Only Fools and Horses (1981–2003)
Leaves me cold
6 May 2004
David Jason, one of the great nearly-men of British comedy in the 60s and 70s, suddenly got very lucky indeed with "Only Fools and Horses". Just why this series should have captured the public's imagination and won such intense approbation is an enduring puzzle to me: the comedic premise is slender and its social setting is poorly and inaccurately observed. (Even in the 1980s Peckham was not Ealing-Comedy London, full of lovable white working-class scallywags, but a tough Afro-Caribbean ghetto.)

I have to confess that I find the show unwatchable, to the extent that, despite my best efforts, I have never succeeded in watching a single episode from beginning to end.

John Sullivan had previously written some excellent sitcoms, while OFAH's principals, Jason and Lyndhurst, were actors I liked and whose previous work I had enjoyed. Certainly the acting in the show is technically accomplished (even if shoddy scripts render the characters and situations unbelievable), unlike another intensely dire, yet insanely over-rated sitcom, "The Vicar of Dibley". (The cult of obesity-related feminism seems to have catapulted Dawn French - despite her complete lack of comic timing and basic acting technique - into an unassailable position as the favourite comic actress of the BBC, if not the licence-paying public. Nobody at the Beeb seems to have noticed - or cared - that she is talentless.)
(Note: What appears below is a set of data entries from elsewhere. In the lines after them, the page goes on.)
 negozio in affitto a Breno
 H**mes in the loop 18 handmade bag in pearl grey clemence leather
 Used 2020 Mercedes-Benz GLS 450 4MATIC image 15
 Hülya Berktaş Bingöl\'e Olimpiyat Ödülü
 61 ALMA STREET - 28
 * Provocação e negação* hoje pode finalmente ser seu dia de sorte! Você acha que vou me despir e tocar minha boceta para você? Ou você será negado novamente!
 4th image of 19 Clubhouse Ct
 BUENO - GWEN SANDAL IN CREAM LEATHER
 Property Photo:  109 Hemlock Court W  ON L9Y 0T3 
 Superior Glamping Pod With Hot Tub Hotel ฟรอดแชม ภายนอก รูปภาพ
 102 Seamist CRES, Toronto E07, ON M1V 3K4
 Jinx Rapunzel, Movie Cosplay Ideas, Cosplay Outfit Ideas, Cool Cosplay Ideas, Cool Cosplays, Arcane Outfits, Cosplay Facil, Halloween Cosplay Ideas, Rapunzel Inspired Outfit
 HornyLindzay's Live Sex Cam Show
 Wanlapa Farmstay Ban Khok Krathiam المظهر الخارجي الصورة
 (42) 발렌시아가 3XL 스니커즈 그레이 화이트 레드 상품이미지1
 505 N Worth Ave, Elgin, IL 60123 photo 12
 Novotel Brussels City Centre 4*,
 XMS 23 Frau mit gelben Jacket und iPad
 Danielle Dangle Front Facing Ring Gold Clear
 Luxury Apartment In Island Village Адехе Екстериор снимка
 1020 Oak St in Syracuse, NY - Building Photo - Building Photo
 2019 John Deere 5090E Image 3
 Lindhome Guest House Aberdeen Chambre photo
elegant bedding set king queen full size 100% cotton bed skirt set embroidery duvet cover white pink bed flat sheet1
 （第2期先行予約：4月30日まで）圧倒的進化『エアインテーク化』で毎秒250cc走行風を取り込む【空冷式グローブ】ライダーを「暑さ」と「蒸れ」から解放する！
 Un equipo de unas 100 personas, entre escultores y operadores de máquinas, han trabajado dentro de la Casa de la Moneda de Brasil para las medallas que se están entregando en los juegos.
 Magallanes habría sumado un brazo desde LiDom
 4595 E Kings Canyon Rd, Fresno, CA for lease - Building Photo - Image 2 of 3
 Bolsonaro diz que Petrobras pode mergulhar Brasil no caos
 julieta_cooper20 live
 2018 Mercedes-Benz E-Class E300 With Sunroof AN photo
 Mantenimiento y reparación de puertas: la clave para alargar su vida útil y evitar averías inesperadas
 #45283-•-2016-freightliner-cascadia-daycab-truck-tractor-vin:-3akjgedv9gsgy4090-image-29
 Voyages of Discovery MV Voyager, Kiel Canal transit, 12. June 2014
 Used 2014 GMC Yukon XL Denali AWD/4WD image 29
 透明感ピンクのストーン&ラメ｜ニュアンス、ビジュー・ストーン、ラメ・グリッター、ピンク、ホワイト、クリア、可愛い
As I say, I have enjoyed David Jason's work prior to OFAH. It seems to me, however, that the disproportionate public affection for this deeply flawed show has led to his being promoted beyond his talents (otherwise he would surely never have secured the roles of Pop Larkin or Frost on his own merits). His real talents lie in being a good, second-string supporting comic actor (like, for example, the late Peter Butterworth); he is funny and touching as Granville, in "Open All Hours", for example, appropriately in the lee of a giant comic talent (Ronnie Barker).

It is painful and puzzling to me when I find myself so at odds with the consensus of opinion. I don't WANT to appear arrogantly different from the herd. I have been no less troubled by my failure to see ANYTHING clever or funny about "The Simpsons", a show even more over-rated than OFAH. Still, I must honestly record sincere reactions: I hate OFAH and I hate "The Simpsons".